Lumpkin came over last night and knocked the arse out of another decanter and a further bottle of Port.
However, it was well worth it as I finally managed to get a look at those photos.
At first I thought that it looked as though the Bishop was attempting an exorcism on Mrs E and was trying to evict the dark forces from her manually. Under closer scrutiny, it revealed that he was in fact trying to recreate the story of Mary's journey to Bethlehem, with the Bishop playing Mary and Mrs E playing the part of the donkey. Having said that, on closer inspection it might have been more appropriate for the Bishop to have played the donkey...

Lumpkin went on to tell me that he is currently seeing quite a bit of some racey little number from the big smoke. He's got himself one of these iphone gadgets and showed me a picture of her and rather nice she was too - much younger than him obviously and I suggested that if he were to take her out anywhere, at least she could get in for free.
Anyway, he said that she likes to text him throughout the day but Lumpkin does tend to struggle with technology and apparently he didn't know anything about predictive text. Well according to him, she keeps angling to stay over after they get back from an evening out but Lumpkin has the cleaner round first thing in the morning and didn't want anyone to find out about this little sort. As it turns out, the cleaner is off next week on holiday and Lumpkin saw the perfect opportunity so when his little bit of skirt text him saying "Next week rather than having to dash back home, maybe I could stay late, LOL ?"
He replied "Next Week You Can Stay Late Any Time" but he didn't know about the predictive text and so just pressed 'Send'. What she got was:  "Not With Your Cludge Stinking Like A Trout"
A big bunch of roses and a nice sparkly bracelet has apparently resolved the situation...
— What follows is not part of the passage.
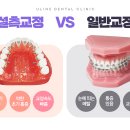 오라치과의원 티스토리
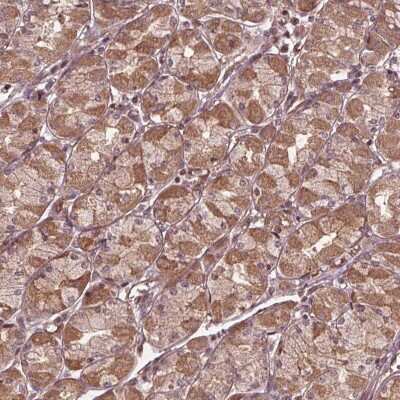 Immunohistochemistry: CDKL4 Antibody [NBP2-39090]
I've got to try and see the gardener, Kipper, today. I went into the out house last night and thought someone had left a disc-cutter running. Turns out it was the electric meter. The bloody wheel is going round so fast you could sharpen an axe on it. He must have some powerful lamps in that greenhouse and at this rate I'm going to have the most expensive tomatoes known to man. His friends from the nursery in the blacked-out Range Rover were here again yesterday bringing him more tomato plants. One of them waved to me as they left, they seem nice enough, a bit young but pleasant.
You'd think they would have learnt how to wear a bloody hat the right way round though.




Monday 30 January 2012

No milk today

Yesterday was all rather uneventful, consisting mainly of me relaxing and reading a book while enjoying one or two glasses of crimson nectar. I thought I would make the most of it before Lumpkin stumbles over this way and hammers another brace of decent bottles of Port. I'd tell him that I had no more available but he knows that's not true and also he knows I want to have a gander at these photos he acquired.
I'm not exactly sure what it is that he intends to do with them in the long run. Maybe he will ask the Bishop for money directly although that could be classed as bribery, well, it is bribery but within the eyes of the church it is probably looked upon as 'normal working practice' ?
I suppose he could just let it be known that he has access to such material in the hope that the Bishop is favourable to him or leaves him alone when Lumpkin himself is caught in the wrong place at the wrong time and heaven alone knows that's happened more than once. Lumpkin is a thoroughly decent fellow on the whole but he does tend to be easily led when it comes to the fairer sex and also he has a tendency to be in the right place with open arms ready to catch things as they fall off the back of a passing lorry.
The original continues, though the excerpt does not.